歴史散歩を堪能した翌日は、風光明媚な二つの渓谷に足を延ばした。
まず訪れたのは厳美渓。栗駒山を源にする磐井川が巨石を侵食してできた渓谷美が、約2qにわたって続く。春の桜、夏の深緑、秋の紅葉、冬の雪景と、四季折々の美しさを楽しめる景勝地だが、旅人たちのもうひとつの楽しみは「空飛ぶだんご」。渓谷に広がる岩畳に立つ東屋近くに、対岸からケーブルが渡されている。そこに下がったかごに代金を入れて合図すると、かごがひきあげられ、しばらくするとだんごとお茶が「飛んで」くるのだ。
さて、もうひとつの渓谷、猊鼻渓へ向かう。砂鉄川が石灰岩を侵食してできたこの渓谷には、高さ100mを超える断崖絶壁がそそりたつ。ここでの楽しみは、奇岩、大岩を見ながらの往復1時間半ほどの舟下りだ。
長い竿で巧みに舟を操るのは、船頭の千葉美幸さん。事務職だった千葉さんが船頭の道を選んだ理由は?
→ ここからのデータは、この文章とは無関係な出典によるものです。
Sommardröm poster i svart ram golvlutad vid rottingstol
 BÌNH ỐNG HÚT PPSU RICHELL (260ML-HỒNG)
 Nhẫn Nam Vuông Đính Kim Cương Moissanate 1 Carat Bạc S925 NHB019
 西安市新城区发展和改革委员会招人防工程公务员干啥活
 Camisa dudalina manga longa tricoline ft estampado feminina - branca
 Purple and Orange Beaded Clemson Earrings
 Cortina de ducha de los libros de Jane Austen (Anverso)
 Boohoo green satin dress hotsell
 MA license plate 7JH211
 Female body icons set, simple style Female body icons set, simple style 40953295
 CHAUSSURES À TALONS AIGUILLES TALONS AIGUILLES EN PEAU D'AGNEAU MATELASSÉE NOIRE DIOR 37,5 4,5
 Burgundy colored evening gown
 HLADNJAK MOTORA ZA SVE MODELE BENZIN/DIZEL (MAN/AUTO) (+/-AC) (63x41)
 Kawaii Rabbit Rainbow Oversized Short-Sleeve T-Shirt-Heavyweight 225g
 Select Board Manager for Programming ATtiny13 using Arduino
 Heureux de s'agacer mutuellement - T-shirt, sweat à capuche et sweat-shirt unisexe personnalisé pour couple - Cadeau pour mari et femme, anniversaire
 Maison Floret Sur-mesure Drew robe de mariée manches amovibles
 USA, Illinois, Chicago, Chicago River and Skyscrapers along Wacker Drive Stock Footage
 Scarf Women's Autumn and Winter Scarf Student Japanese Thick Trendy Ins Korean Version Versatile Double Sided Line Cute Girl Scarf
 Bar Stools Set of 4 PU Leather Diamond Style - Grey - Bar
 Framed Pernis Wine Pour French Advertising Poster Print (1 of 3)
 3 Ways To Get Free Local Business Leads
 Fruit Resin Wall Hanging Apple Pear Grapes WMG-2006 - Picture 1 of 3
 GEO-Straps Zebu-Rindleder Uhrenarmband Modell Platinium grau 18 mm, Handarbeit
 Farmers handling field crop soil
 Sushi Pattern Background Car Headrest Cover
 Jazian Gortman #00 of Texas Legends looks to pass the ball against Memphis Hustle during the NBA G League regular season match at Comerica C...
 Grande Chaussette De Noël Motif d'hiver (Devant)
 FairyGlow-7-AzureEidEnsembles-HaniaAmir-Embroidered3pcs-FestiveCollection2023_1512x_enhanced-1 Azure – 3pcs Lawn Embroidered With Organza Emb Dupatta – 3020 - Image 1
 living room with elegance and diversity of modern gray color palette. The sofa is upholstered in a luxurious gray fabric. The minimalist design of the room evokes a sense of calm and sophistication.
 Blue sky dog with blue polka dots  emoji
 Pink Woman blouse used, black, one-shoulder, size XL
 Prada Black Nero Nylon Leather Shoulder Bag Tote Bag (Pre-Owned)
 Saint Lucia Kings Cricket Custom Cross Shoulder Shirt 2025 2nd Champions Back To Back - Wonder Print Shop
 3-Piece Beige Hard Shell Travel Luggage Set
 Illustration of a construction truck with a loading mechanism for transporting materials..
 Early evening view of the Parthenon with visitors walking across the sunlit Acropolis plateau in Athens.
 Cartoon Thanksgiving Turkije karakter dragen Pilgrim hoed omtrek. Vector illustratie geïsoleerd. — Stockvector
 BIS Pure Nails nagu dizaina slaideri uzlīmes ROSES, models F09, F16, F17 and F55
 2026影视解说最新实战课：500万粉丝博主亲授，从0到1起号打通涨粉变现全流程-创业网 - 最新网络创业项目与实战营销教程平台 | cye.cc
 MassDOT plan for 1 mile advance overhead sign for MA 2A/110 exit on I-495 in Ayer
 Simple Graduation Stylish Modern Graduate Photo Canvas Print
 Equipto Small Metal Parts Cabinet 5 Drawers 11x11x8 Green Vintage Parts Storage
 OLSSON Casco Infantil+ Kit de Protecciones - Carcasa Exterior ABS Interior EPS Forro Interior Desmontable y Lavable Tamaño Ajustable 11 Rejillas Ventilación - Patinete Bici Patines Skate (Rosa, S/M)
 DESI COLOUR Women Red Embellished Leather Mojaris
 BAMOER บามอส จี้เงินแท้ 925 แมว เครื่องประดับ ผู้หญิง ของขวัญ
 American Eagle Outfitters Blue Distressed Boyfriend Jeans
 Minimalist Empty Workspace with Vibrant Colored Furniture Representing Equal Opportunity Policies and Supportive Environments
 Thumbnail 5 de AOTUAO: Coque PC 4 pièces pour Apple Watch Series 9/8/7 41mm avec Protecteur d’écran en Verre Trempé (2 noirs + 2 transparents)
「舟下りをしたお客さんの楽しそうな姿を見て、直接ふれあって喜んでもらえる仕事がしたいと思ったんです」
舟を操りながら唄う千葉さんの「げいび追分」が谷間に響きわたる。その透き通った歌声に、乗客たちの拍手喝采。猊鼻渓にはゆったりとした時間が流れていた。